Buscando a Santiago Meléndez me encontré con Odón Val
El aforo de las sala era el habitual en la ciudad del cierzo hasta que el oscuro dejó a un guitarrista en la escena. Pero no un guitarrista cualquiera, un guitarrista que bebe del folclore argentino para destilarse en elegancia, exento de florituras, suave y preciso. Hernán Filippini tomó entre sus manos un bello instrumento, el de las seis cuerdas, y comenzó el show. Al fondo, rasgado por la luz, apareció un personaje muy parecido a Santiago Meléndez pero su acento y su actitud me confundieron tanto como la noche. El cautivo suspiro de amor de una bella espectadora despejó mis dudas. Odón Val, que visitó esta ciudad en carne mortal, regresaba a Zaragoza abierto en canal.
Odón Val. Recordaba su nombre y su trayectoria. Heterodoxo cantante argentino de enorme éxito internacional. Un intérprete de sobrada capacidad vocal y suficiente cuajo artístico para enfrentarse a proyectos musicales tan diferentes como grabar en el estudio junto a los Chemical Brothers, o protagonizar en Broadway los grandes musicales de Andrew Lloyd Webber.
Su presencia era imponente, con esa arrogancia voluptuosa que da la fama y las lentejuelas. Una arrogancia que al público le encantó porque no hay nada más agradecido que mostrarse tal cual, sin trampa ni cartón, fuera los artificios y las falsas modestias y Odón Val, se lo puedo asegurar, es cualquier cosa menos modesto. El espectáculo no discurrió por los caminos que el cantante argentino había previsto: Inconvenientes con el decorado solventados a última hora por un auxiliar de sala, imperfecciones en el atrezzo, y poca integración en el espacio, tan reducido como sugerente y cercano. Así fue pasando la función, entre pequeños desastres que, sin formar parte del show, Odón los incorporó con la maestría de los grandes y provocó aplausos entusiastas y grandes carcajadas.
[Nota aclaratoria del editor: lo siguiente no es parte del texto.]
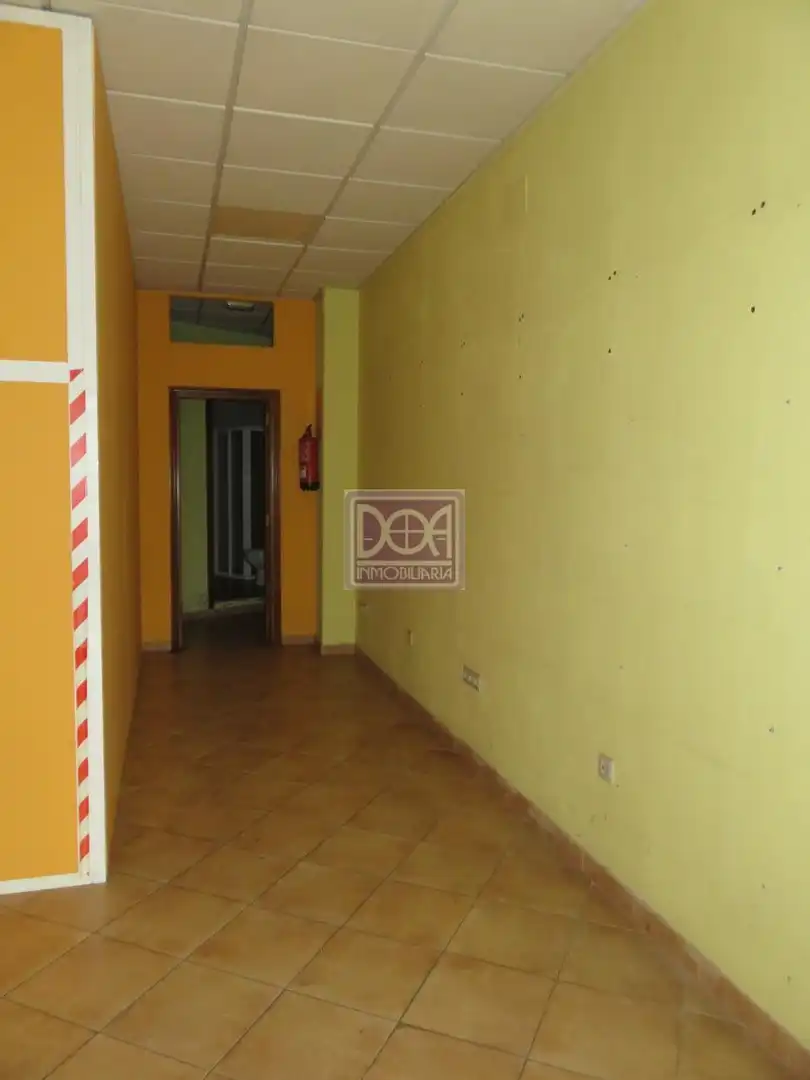 Local comercial de lloguer a Mondariz, imagen 3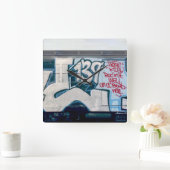 Horloge Carrée Graffiti classique Kel139 (Maison)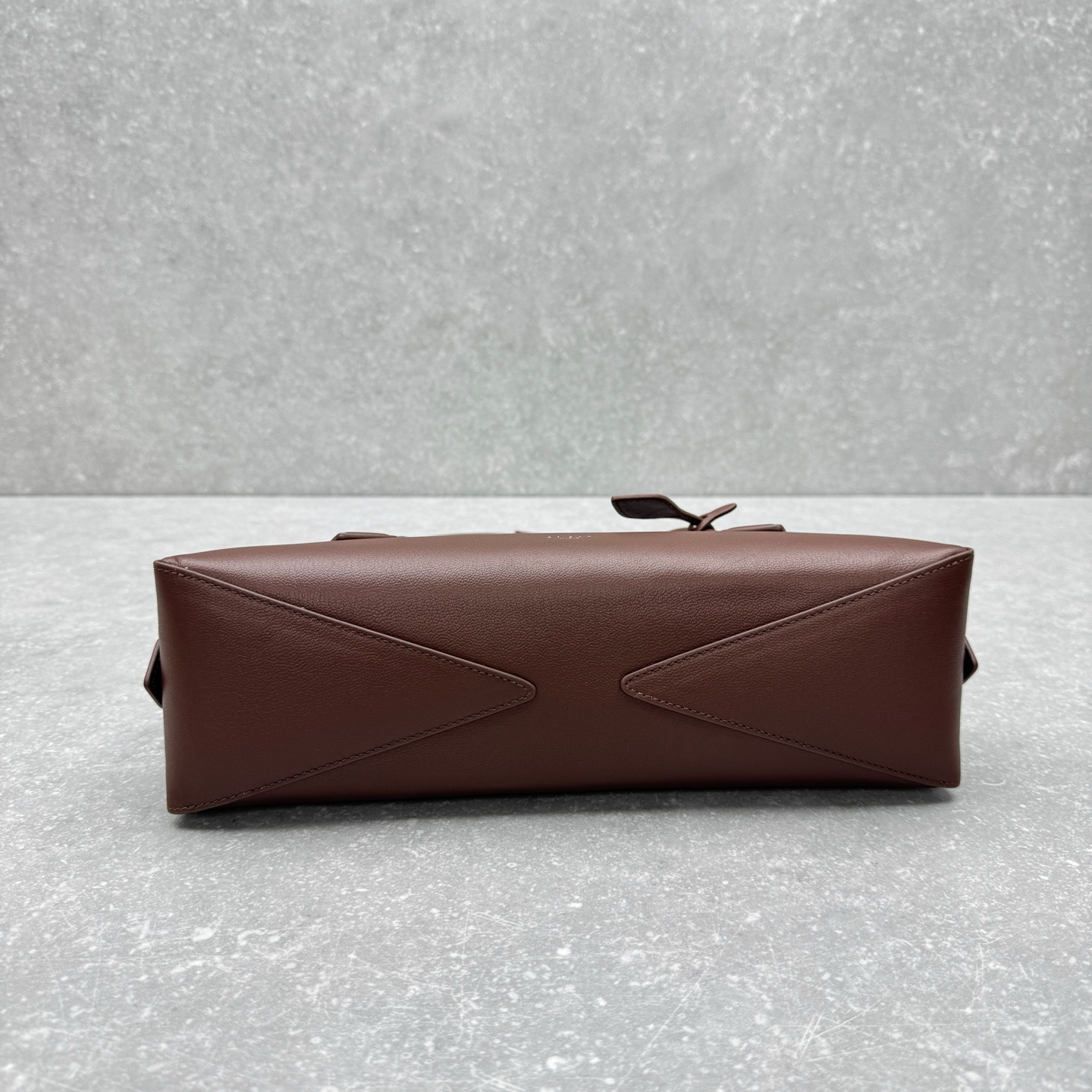IMG_7605 ALAIA LE TECKEL MEDIUM BAG IN CALFSKIN - 图片 5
Las carcajadas siempre estuvieron presentes en la sala, desde la presentación inicial, un recitado a toda velocidad con aires de Nacha Guevara, hasta todo lo que vino después en forma de un Joselito por fados, la traducción despiadada de un hit monegasco-eurovisivo, y ese aroma vital que flotaba al estilo Albert Pla. Pero olviden las etiquetas que les sugiero porque Odón Val es capaz de sintetizar cualquier influencia y llevarla a su terreno, un cabaret ideado para triturar letras y músicas que a veces son de Brassens, Les Luthiers y hasta un coro que el guitarrista hizo en solitario para suplir a los cinco sudamericanos. Pero la cosa no paró aquí. Odón, crecido por la entrega incondicional del público, tomó entre sus manos un abanico, bajó el tono hasta el umbral sonoro de la Montiel y nos cantó un cuplé, la hilarante radiografía de una boda y hasta cedió por unos minutos, y eso fue el acabóse, el protagonismo vocal al guitarrista que añoró, ¡pobrecito mío! el pueblito que lo vio nacer.
Permanezcan atentos a los carteles, los periódicos y las redes sociales. Una actuación de Odón Val es garantía de humor inteligente. Bajo esa apariencia de cabaret cutre se esconde un enorme actor y a su lado, con mirada cómplice, el talento a raudales del guitarrista Hernán Filippini.